Michaela Lind is an award-winning performer, filmmaker, and theater artist whose work bridges borders, disciplines, and the sublime space between laughter and silence. As co-founder of ARA Theater & Media, she creates from a deeply embodied practice shaped by two decades of performance, a nomadic artistic journey, and an insatiable curiosity about ritual, transformation, and storytelling.

Her path began in Sweden, where a single evening watching John Caird's A Midsummer Night's Dream ignited something irreversible. Michaela followed that spark to Moscow's legendary GITIS-Moscow Art School, then across continents to New York City, where she carved her own unique degree in Ritual Focused Performance Techniques through CUNY's Baccalaureate program—studying with masters from around the world. She's trained with clown luminaries Slava Polunin, Bill Irwin, and David Shiner, toured solo clown shows to Edinburgh Fringe under the guidance of Kendall Cornell and Felix Ivanov, and performed internationally since debuting with Beijing's Children's Opera twenty years ago.
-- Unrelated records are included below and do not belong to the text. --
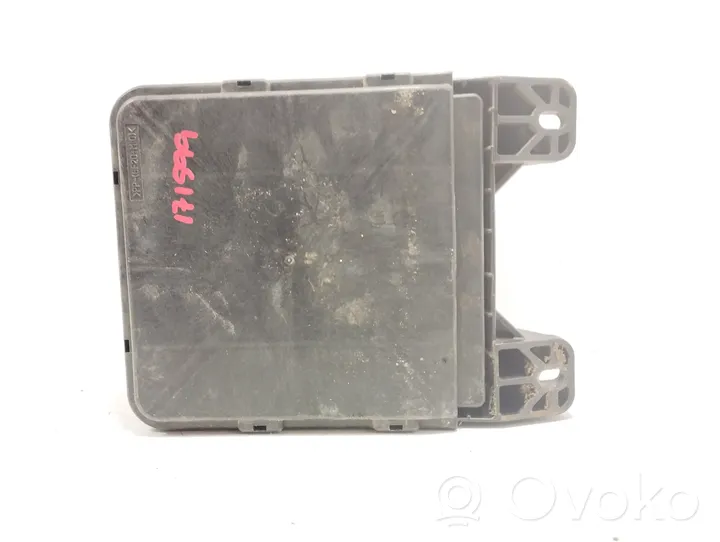 Nissan Cab Star Fuse module 284B6MB40B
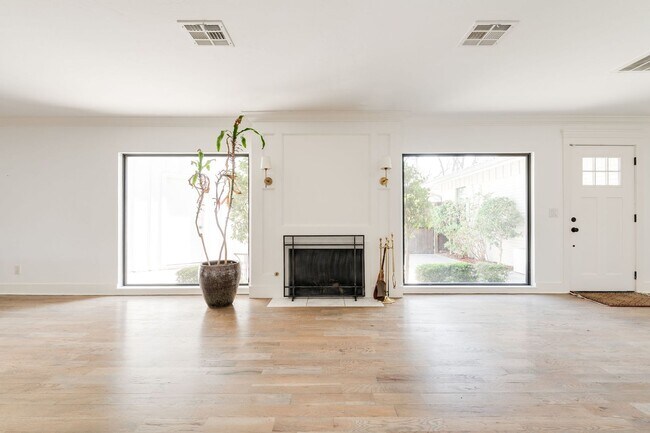 Foto del edificio - Beautiful Home in Nichols Hills + 3 bedrooms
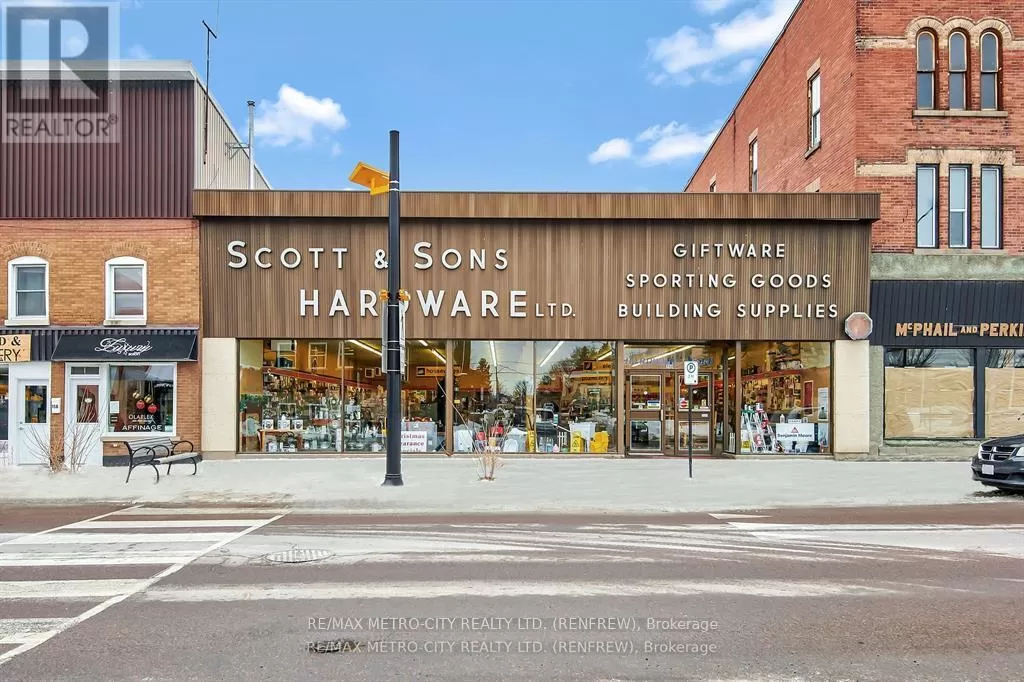 150 Raglan Street S, Renfrew, Ontario K7V 1R1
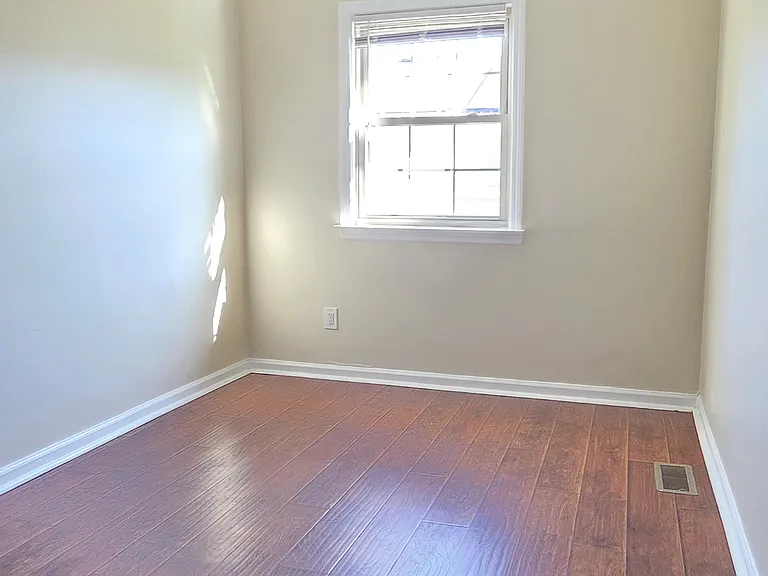 1387 Abbey Way — Photo 10
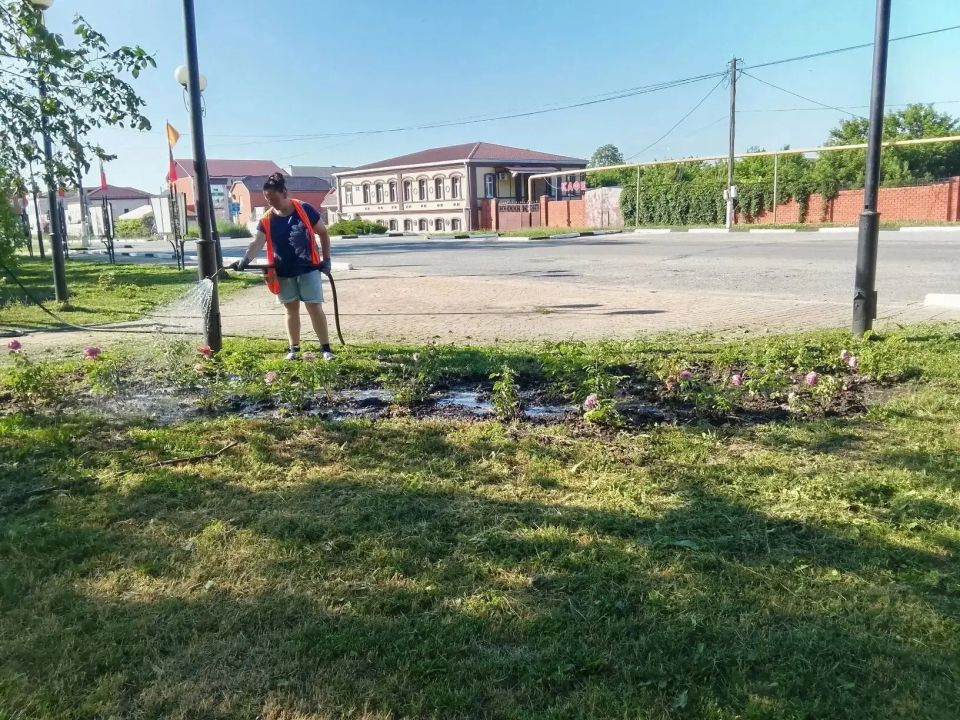 С заботой о городе. Ежедневно, с преданностью своему делу, сотрудники коммунальных служб работают над тем, чтобы наш город становился ещё более уютным, чистым и привлекательным С заботой о городе. Ежедневно, с преданностью своему делу, сотрудники коммунальных служб работают над тем, чтобы наш город становился ещё более уютным, чистым и привлекательным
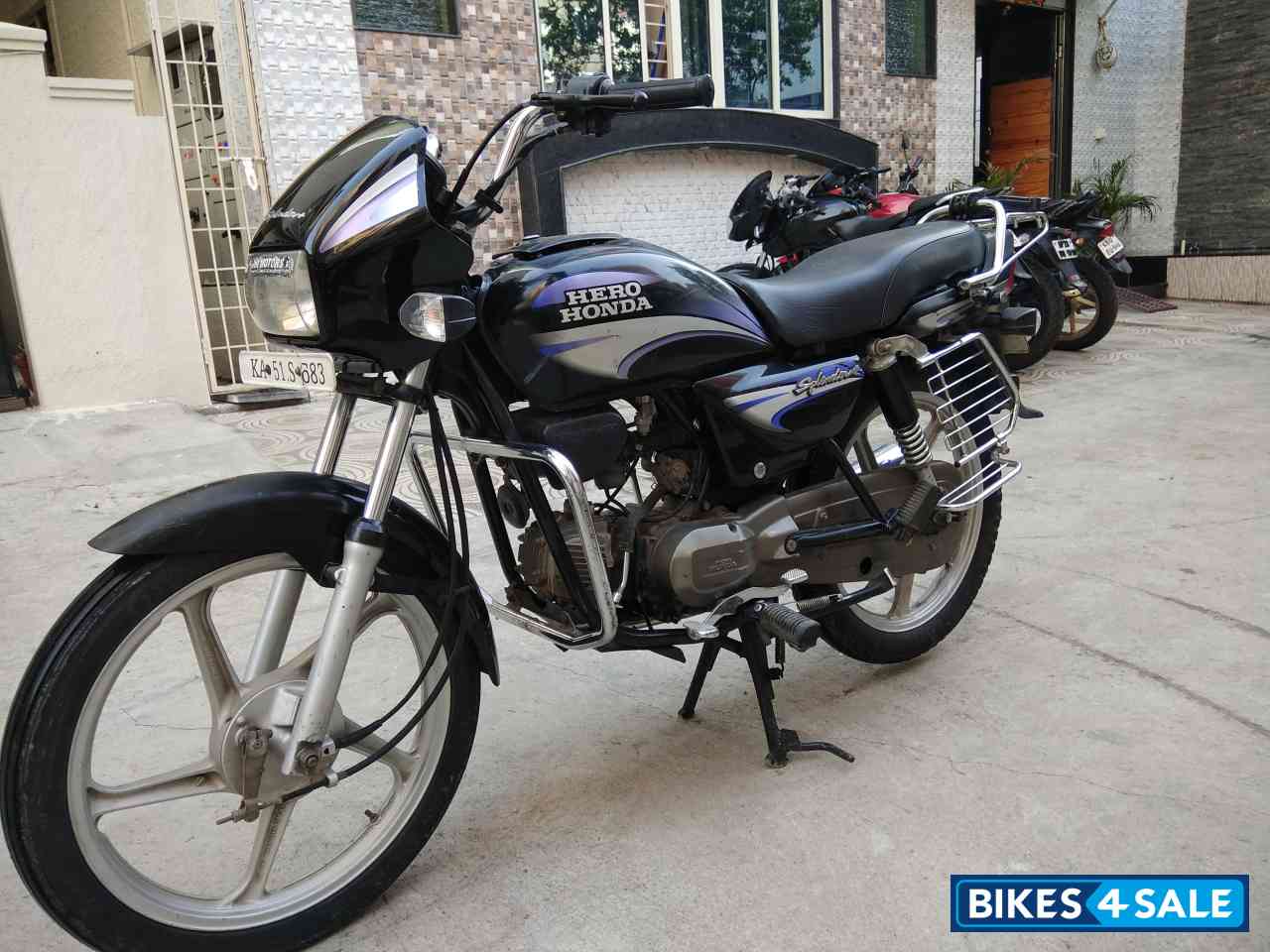 Black Hero Splendor Plus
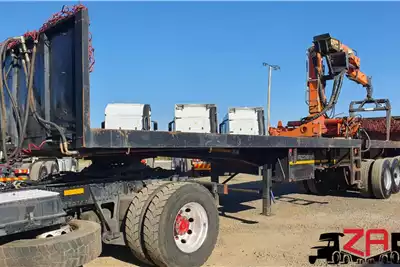 Henred Trailers Brick trailer HENRED FRUEHAUF TRI AXLE WITH PALFINGER PK14080 CR 1991 for sale by ZA Trucks and Trailers Sales | Truck & Trailer Marketplaces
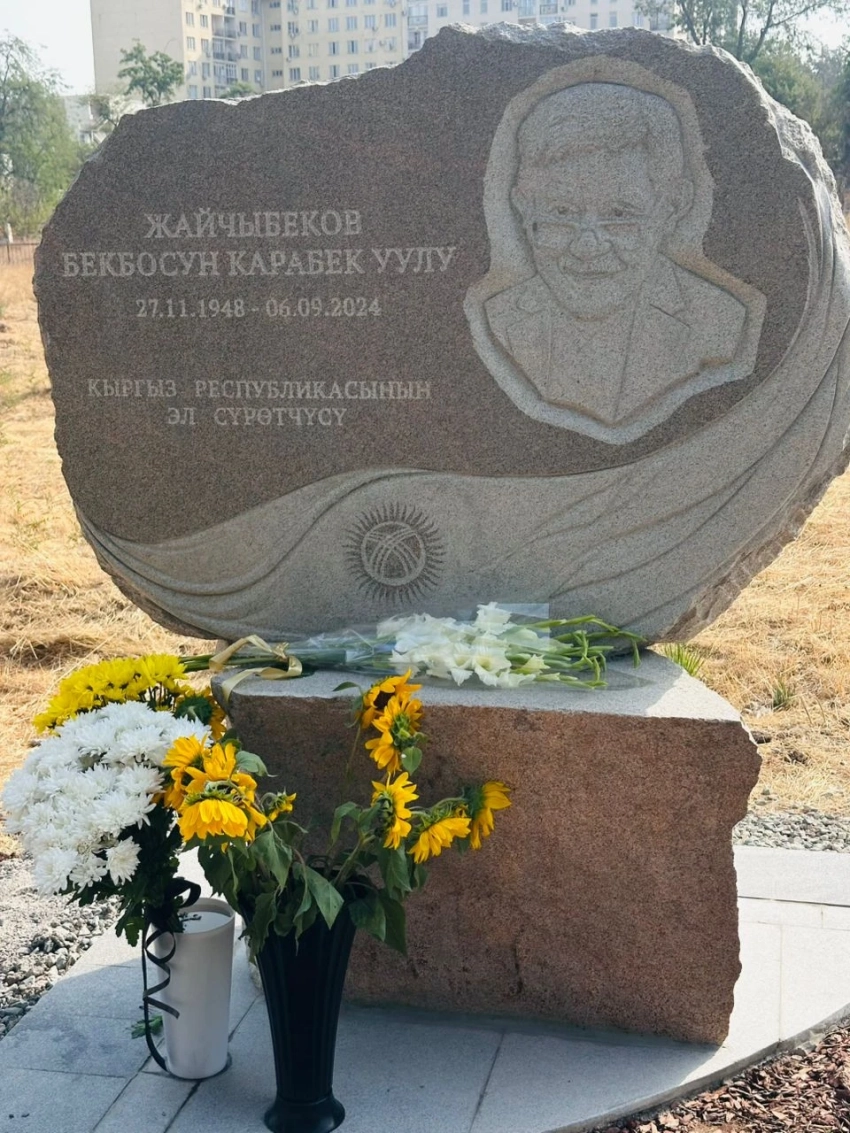 В Бишкеке установили памятник автору флага Кыргызстана Бекбосуну Жайчибекову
Michaela's artistic language is multilingual: she speaks in movement, film, and live presence. Her filmmaking studies span HDK Valand (Ruben Östlund's alma mater), DCTV, BRIC Media Arts, and the School of Visual Arts, while her material craft extends to set dressing and props through Stockade Works. This multidisciplinary foundation infuses everything she creates with texture, depth, and an eye for the poetic in the everyday.

Currently, Michaela is bringing her award-winning narrative short film Where is Now—recipient of Best International Short Film Script in Stockholm, Sweden, and archived at FILMS OF RETURNS climate art website via A La Luz—to international festivals and grassroots screenings. She's completing the documentary Meänmaa, a tender exploration of her father's minority heritage in Sweden's Arctic Circle, and directing a collective of filmmakers on upcoming projects including Look Into My Palm (exploring NYC's psychic subculture), Americas National Treasure (where creative boundaries blur), and PLASTICUM, a climate-oriented work confronting our collective anxiety around plastic. As part of the Suite 542 ensemble, she performs in immersive dinner theater experiences in NYC. She recently directed an adaptation of Kafka's Der Bau, which debuted at the Czech Embassy in Washington, DC, and traveled to Mexico City, and devised the absurdist piece Piff, Paff, Poof—The Magic of Nothing for Theaterlab.

Whether behind the camera, on stage, or in the collaborative alchemy of creation, Michaela seeks the moments where art becomes ritual, and ritual becomes transformation.